Jumat, 13 April 2012

Krisis Kemanusiaan di Korea Utara

Sewaktu saya akan berangkat ke Korea untuk melanjutkan studi, beberapa orang bertanya, ke Korea Utara atau Selatan? Pertanyaan ini terdengar janggal, karena tidak mungkin kita bisa pergi ke Korea utara dengan mudah karena ketertutupan hubungan diplomatik negara tersebut. Namun, hal itu menyadarkan saya betapa mungkin perhatian kita hanya tertuju pada krisis kemanusiaan yang terjadi di Palestine atau negara Timur Tengah lainnya, dan kemudian mengabaikan yang terjadi di belahan bumi lain, salah satunya di Korea Utara.

Kalau ditanya tentang Korea Utara, apa yang terlintas di benak Anda? Mungkin karena saudaranya di Selatan telah meraih popularitas secara global, kita secara sederhana menyimpulkan bahwa kedua Korea pastilah mirip-mirip kondisinya. Atau mungkin kebanyakan bahkan tidak ada ide sama sekali tentang apa dan bagaimana Korea Utara itu. Mungkin tulisan ini bukan paper ilmiah, tapi saya harap mampu memberikan sedikit gambaran.

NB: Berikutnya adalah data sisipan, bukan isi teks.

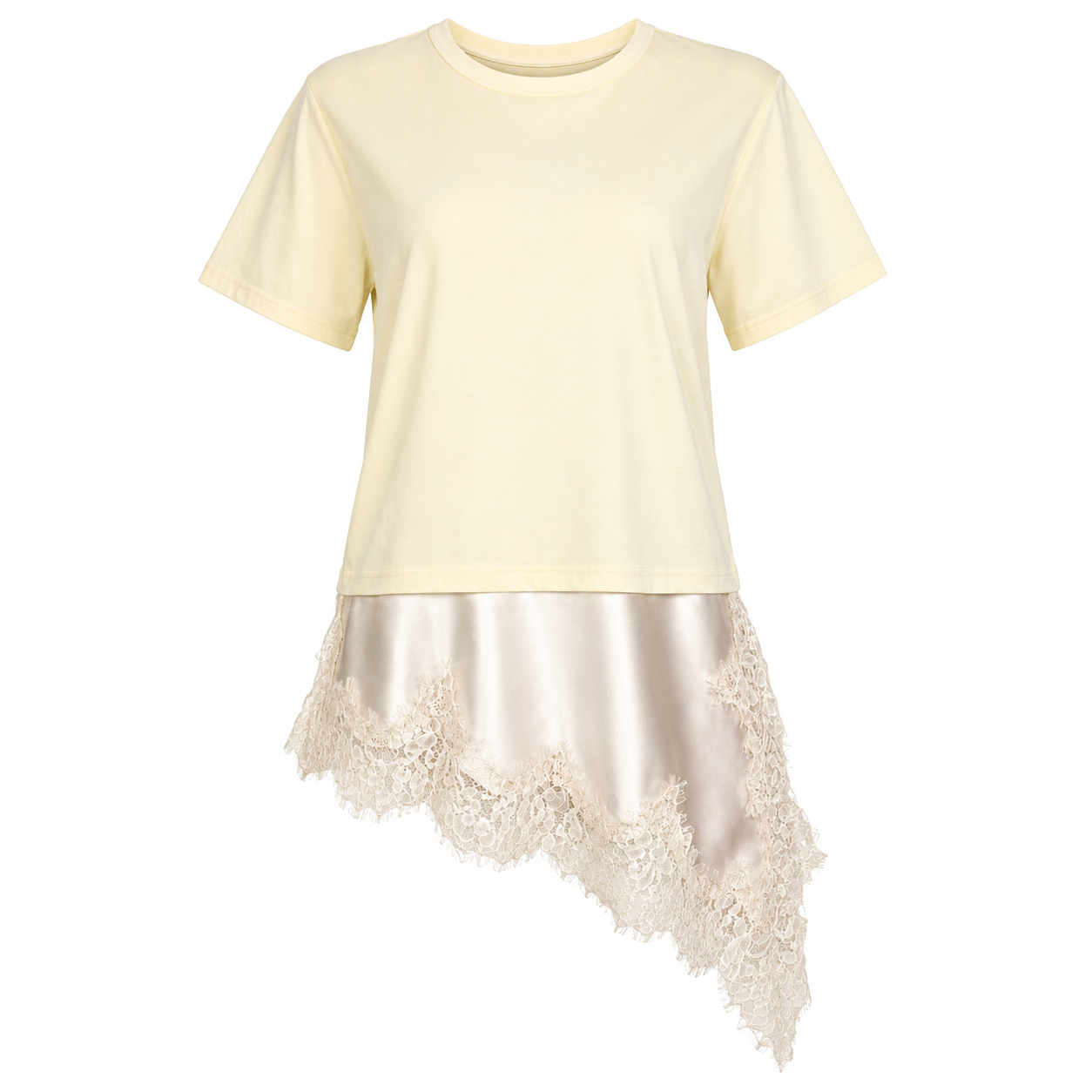 Asymmetrical tshirt with dentelle 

Beberapa minggu lalu saya menonton film berjudul Seoul Train. Film itu berkisah tentang pengungsi dari Korea Utara yang berjuang untuk melewati China, untuk pergi ke Korea Selatan. Ini bukan hal mudah karena pemerintah China akan mengembalikan mereka ke Utara jika mereka tertangkap. Lalu mengapa mereka perlu melarikan diri dari negaranya? Disebut bahwa Korea Utara saat ini adalah penjara terbesar bagi umat manusia. Masyarakatnya hidup dalam kondisi sangat memprihatinkan dan selalu dalam ketakutan. Memprihatinkan karena banyak kasus kelaparan dan tidak tercukupinya kebutuhan pokok disana. Ketakutan karena mereka bisa dibunuh atau dikirim ke camp pekerja kapan saja, bila mereka dianggap sebagai musuh rezim. Yang ingin saya sampaikan disini adalah bahwa tidak banyak yang tahu atau bahkan peduli bahwa masyarakat di Korea Utara juga tengah sekarat.Mereka hidup dalam negara yang berdaulat, tetapi bahkan harus berjuang untuk dapat sekedar bertahan hidup. Saya tidak ingin membahas ini salah siapa, karena sudah jelas orangnya. Juga tidak ingin membahas penyelesaiannya, karena permasalahan hanya dapat dituntaskan jika rezim tumbang. Yang ingin saya sampaikan adalah bahwa ada kasus kelaparan, perbudakan,dan pencabutan hak asasi manusia di tempat yang sekiranya selalu luput dari perhatian kita.

Menyebut sedikit bahan bacaan dari Peter Singer dalam artikelnya "Famine, Affluence, and Morality", bukan masalah jarak yang kemudian membuat kita merasa tidak bertanggung jawab. Kita seringkali berpikiran, tolonglah yang lebih dekat dulu, kemudian baru yang jauh. Bila tidak menolong yang jauh pun tidak masalah. Menurut Singer, sudah menjadi tanggung jawab kitalah untuk mencegah segala macam hal buruk terjadi, dalam kapasitas individu maupun negara, dengan tidak melihat dimana orang yang akan kita tolong.